I don’t know about you, but at the time of reading this book, I imagined that being on a Buddhist or meditation path meant giving up all the joys of the world and becoming a monk in robes. I thought it meant living a boring life.
This book, for me, served the purpose of blowing that misconception out of the water. While monk robes and renunciation is one way to do it, it’s certainly not the only way, as evidenced by Kerouac in this novel.
His style is more like wild and crazy, partying, truth-seeking, deep thinking, meditating, traveler.
While I’m not necessarily endorsing or recommending the lifestyle portrayed in his novels—in fact, Kerouac died at age 47 due to complications from long term alcoholism, and this is where our paths stray a bit; at the time of writing this, I’m approaching two years of sobriety—but reading about it is sure as hell a riot and a good fun time.
And if I stop and think about the unfolding of my own spiritual path, which is deeply steeped in a lifestyle of meditation and Buddhism, despite being nearly two years sober, this path has brought me on some wild and crazy (but perhaps not reckless) adventures, such as my month in Guatemala. And surely there are more adventures to come.
Anyways, at the time of reading this book, my mind was just cracking open to things like meditation and Buddhism, but I still had adversity to going deeper, because I didn’t want to give up fun.
The Dharma Bums, then, served the purpose for me of making me realize, “Ohhhh.
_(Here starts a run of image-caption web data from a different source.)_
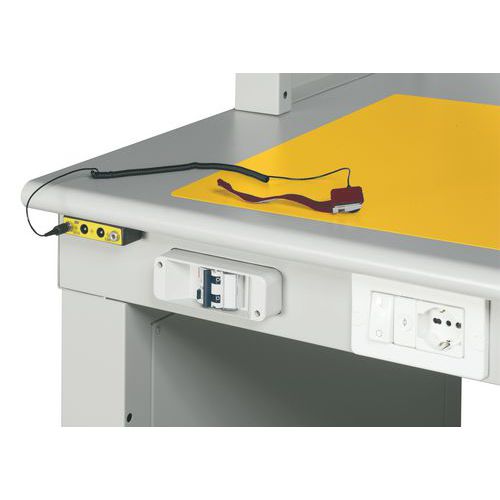 sistema multiconnettore di messa a terra,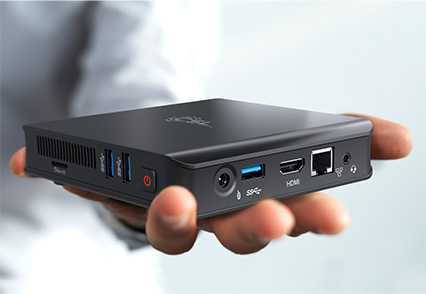 CSL Narrow Box auf Handfläche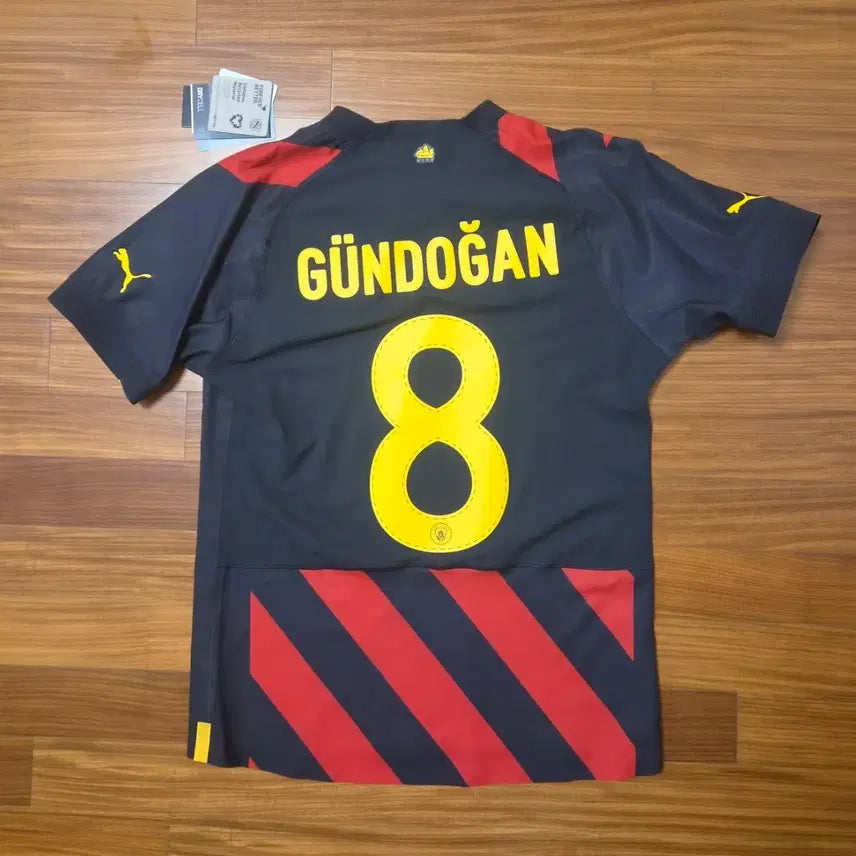 [BUNJANG] Manchester City Gündoğan & Grealish Match-Issued Away Jersey (22-23 Treble Season) / 맨체스터 시티 귄도간, 그릴리시 지급용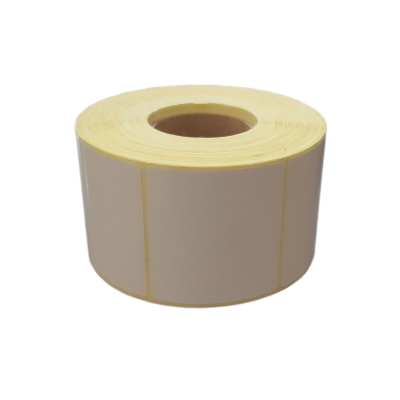 لیبل کاغذی تک ردیفه مدل RNS-50x55 برچسب پرینتر لیبل زن مدل RNS-50x55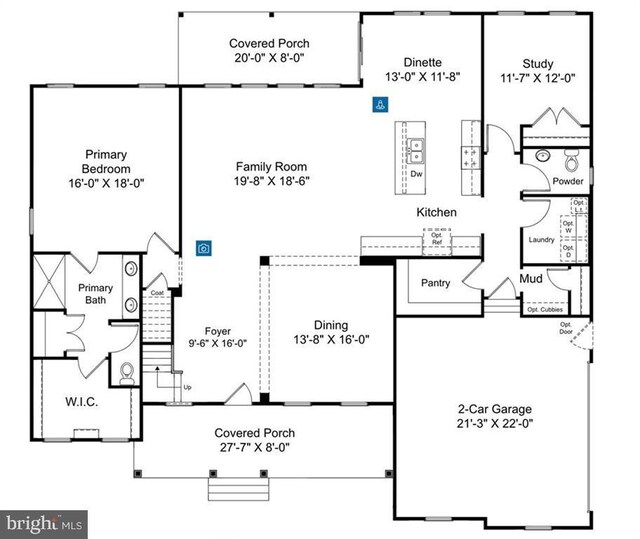 465 Glenmore Ln Lot 30, Keswick, VA 22947 - room layout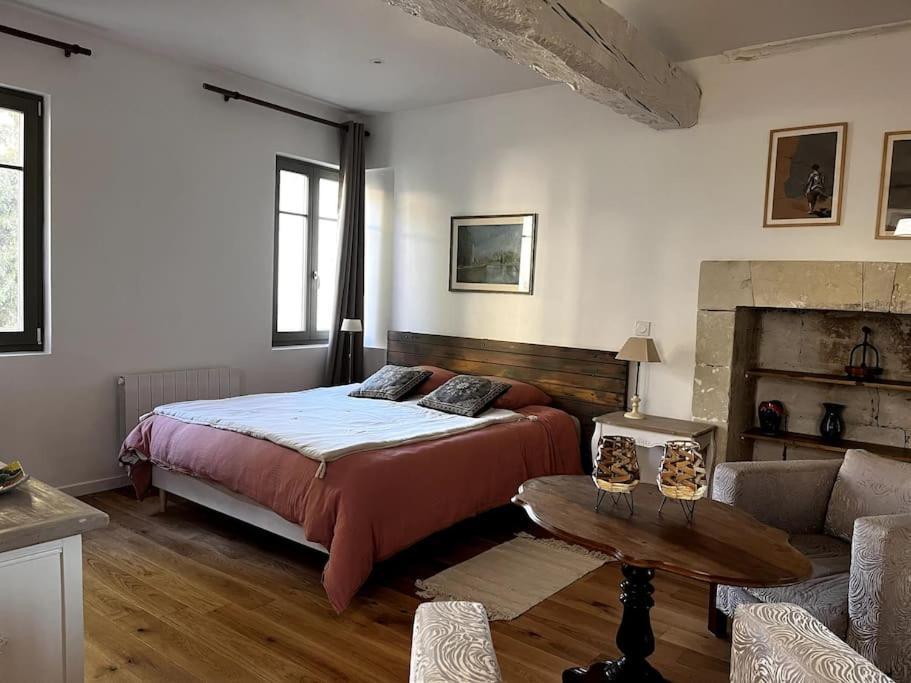 Le Relais De L'Artiste Villa Turquant Luaran gambar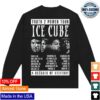 kenny sau Ice Cube Merch Shop Store Truth 2 Power Tour Long Sleeve Shirt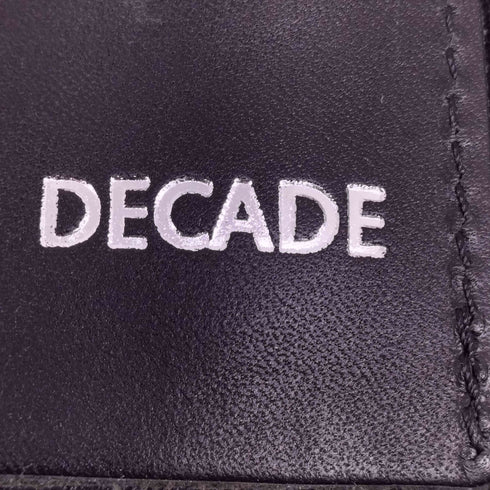 ディケイド DECADE レザーメッセンジャーバッグ メンズ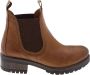 Lazamani Dames Chelsea Boots 68.001 Cognac - Thumbnail 2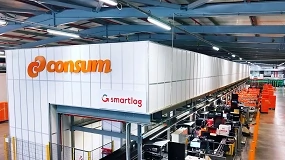 Foto de Smartlog automatiza la plataforma logística de Consum en Murcia con un sistema AutoStore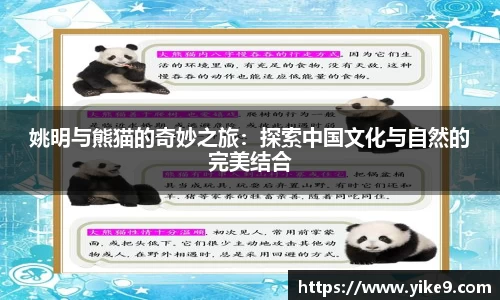 姚明与熊猫的奇妙之旅：探索中国文化与自然的完美结合
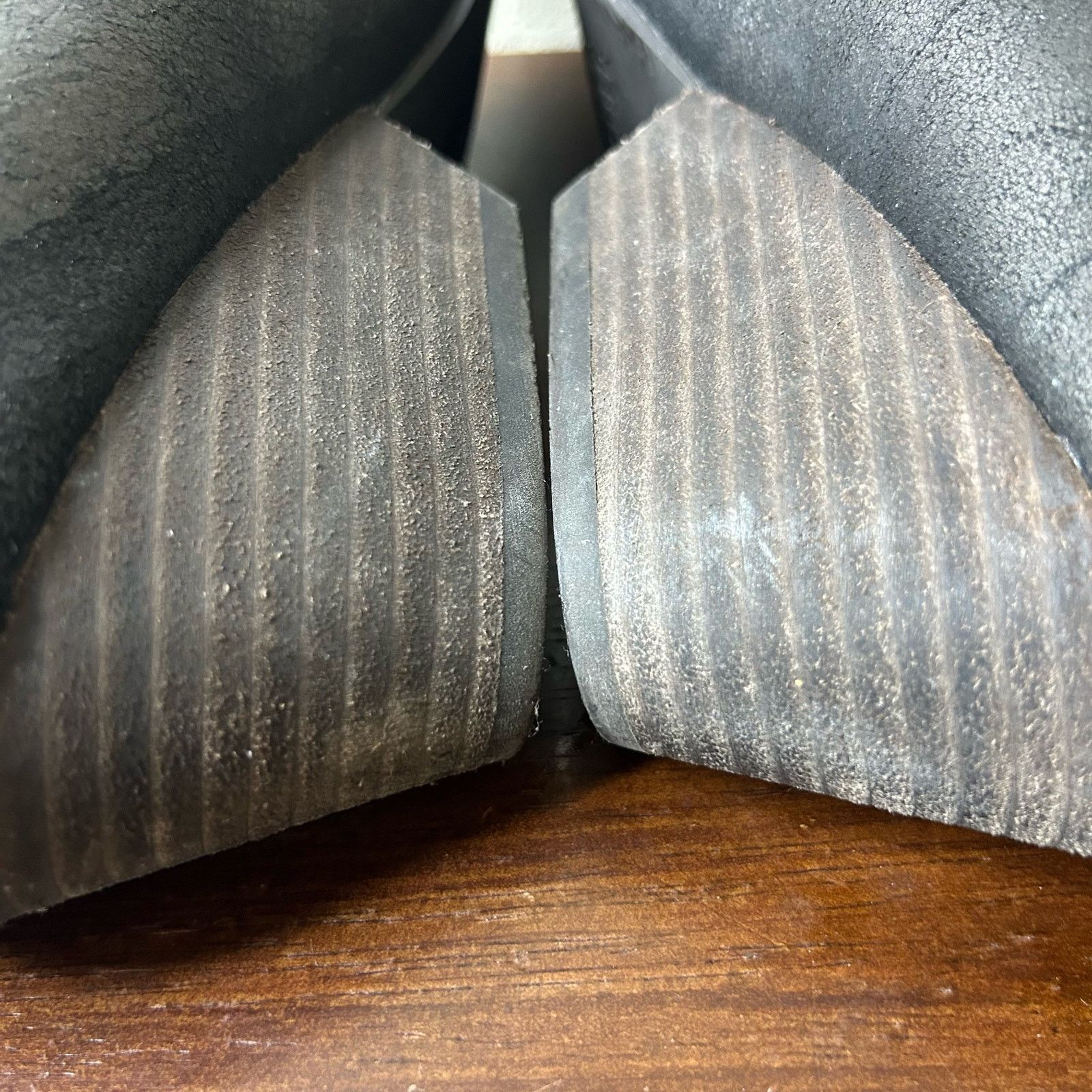 Eileen Fisher Eileen Fisher Shoes Heels Pumps Lily Black Suede Size 8 Size US 8 / IT 38 - 6 Thumbnail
You can be a meditator and have a wild, fun and adventurous life!”
(In fact, the more I think about it, the more I feel like going deep on a path of meditation makes it more likely to have a wild, fun and adventurous life. My meditation path was the thing that brought me to Guatemala to have that amazing month. I’ll write about that trip soon, if I haven’t already).
So those are some of my thoughts on The Dharma Bums and the role it played in my own spiritual journey!
If you’re looking for a spiritual adventure novel, I definitely recommend checking this one out. It’s also written in Kerouac’s wild stream of consciousness prose style—some of it, his descriptions of various scenes or spiritual contemplations, will leave you breathless.